▶ Requirement
Every line in the data below from the one containing "Signmission OSHA Sign, Respiratory" down to the one containing "Cap Diffusion Top", both included, must be retyped exactly; no other line is to appear.

(Beginning of Dataset)

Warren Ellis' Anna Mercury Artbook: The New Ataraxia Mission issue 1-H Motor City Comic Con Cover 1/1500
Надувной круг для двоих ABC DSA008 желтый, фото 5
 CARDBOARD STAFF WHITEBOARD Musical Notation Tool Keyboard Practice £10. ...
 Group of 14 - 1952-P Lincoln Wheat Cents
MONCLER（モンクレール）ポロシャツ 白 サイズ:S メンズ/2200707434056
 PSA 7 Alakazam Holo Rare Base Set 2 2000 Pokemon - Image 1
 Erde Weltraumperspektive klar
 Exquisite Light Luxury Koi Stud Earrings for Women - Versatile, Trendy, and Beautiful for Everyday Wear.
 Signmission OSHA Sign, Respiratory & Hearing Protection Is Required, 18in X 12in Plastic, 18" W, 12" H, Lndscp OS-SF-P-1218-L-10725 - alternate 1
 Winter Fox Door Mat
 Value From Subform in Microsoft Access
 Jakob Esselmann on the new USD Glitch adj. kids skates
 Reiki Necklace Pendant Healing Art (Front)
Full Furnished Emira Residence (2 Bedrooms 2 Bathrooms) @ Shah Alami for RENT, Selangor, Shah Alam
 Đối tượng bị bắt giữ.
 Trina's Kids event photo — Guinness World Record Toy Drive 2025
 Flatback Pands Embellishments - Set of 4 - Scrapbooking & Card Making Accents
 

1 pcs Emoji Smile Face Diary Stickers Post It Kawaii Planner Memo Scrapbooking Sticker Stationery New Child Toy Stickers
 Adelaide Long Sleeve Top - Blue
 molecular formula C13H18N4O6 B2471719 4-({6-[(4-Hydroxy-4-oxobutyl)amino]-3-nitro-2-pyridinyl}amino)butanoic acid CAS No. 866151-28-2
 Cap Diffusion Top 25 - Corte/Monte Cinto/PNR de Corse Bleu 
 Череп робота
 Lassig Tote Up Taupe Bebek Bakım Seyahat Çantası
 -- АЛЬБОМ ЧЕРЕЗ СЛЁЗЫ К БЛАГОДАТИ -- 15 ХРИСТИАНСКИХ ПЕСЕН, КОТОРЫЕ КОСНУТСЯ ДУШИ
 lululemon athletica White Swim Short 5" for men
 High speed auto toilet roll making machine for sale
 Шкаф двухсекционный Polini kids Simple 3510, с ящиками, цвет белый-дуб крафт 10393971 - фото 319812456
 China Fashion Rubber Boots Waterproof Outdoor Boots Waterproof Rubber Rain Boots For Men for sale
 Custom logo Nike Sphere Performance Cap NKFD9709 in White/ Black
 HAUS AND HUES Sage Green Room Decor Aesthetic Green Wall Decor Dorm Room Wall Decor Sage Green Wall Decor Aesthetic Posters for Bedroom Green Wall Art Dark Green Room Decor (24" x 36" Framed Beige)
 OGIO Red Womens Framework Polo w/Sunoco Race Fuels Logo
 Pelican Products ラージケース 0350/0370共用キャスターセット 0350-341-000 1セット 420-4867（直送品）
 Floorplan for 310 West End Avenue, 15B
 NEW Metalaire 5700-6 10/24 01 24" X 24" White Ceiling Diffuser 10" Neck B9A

(End of Dataset)

▶ Reply
 Signmission OSHA Sign, Respiratory & Hearing Protection Is Required, 18in X 12in Plastic, 18" W, 12" H, Lndscp OS-SF-P-1218-L-10725 - alternate 1
 Winter Fox Door Mat
 Value From Subform in Microsoft Access
 Jakob Esselmann on the new USD Glitch adj. kids skates
 Reiki Necklace Pendant Healing Art (Front)
Full Furnished Emira Residence (2 Bedrooms 2 Bathrooms) @ Shah Alami for RENT, Selangor, Shah Alam
 Đối tượng bị bắt giữ.
 Trina's Kids event photo — Guinness World Record Toy Drive 2025
 Flatback Pands Embellishments - Set of 4 - Scrapbooking & Card Making Accents
 

1 pcs Emoji Smile Face Diary Stickers Post It Kawaii Planner Memo Scrapbooking Sticker Stationery New Child Toy Stickers
 Adelaide Long Sleeve Top - Blue
 molecular formula C13H18N4O6 B2471719 4-({6-[(4-Hydroxy-4-oxobutyl)amino]-3-nitro-2-pyridinyl}amino)butanoic acid CAS No. 866151-28-2
 Cap Diffusion Top 25 - Corte/Monte Cinto/PNR de Corse Bleu 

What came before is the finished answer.